Problem:
Could you return, exactly as written, only the lines from the one holding "Autumn Birch Forest" through the final line of the records below?

The records:
++++++++++

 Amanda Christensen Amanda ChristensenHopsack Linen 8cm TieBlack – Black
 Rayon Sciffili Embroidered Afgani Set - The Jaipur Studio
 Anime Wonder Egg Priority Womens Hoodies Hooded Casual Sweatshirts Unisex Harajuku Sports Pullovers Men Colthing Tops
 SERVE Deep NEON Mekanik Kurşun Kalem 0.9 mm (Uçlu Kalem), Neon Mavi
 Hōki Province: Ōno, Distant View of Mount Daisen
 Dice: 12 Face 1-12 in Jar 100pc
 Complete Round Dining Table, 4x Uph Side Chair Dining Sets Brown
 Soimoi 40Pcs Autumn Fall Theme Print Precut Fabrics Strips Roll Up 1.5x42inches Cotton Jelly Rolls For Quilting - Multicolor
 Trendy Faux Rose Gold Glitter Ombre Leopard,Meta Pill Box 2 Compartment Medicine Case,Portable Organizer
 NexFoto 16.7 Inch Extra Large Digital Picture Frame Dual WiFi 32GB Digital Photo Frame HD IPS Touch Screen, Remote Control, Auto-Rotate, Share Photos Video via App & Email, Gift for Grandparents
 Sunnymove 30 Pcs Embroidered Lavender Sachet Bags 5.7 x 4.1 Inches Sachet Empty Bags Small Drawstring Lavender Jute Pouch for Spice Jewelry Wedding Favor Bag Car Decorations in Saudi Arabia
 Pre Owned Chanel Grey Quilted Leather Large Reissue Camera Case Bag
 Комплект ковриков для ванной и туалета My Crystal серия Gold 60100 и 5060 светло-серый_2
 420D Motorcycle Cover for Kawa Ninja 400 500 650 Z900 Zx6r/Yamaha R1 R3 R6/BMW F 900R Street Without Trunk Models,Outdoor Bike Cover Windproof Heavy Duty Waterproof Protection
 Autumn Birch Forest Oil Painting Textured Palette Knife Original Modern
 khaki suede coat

++++++++++

Output for this task:
 Autumn Birch Forest Oil Painting Textured Palette Knife Original Modern
 khaki suede coat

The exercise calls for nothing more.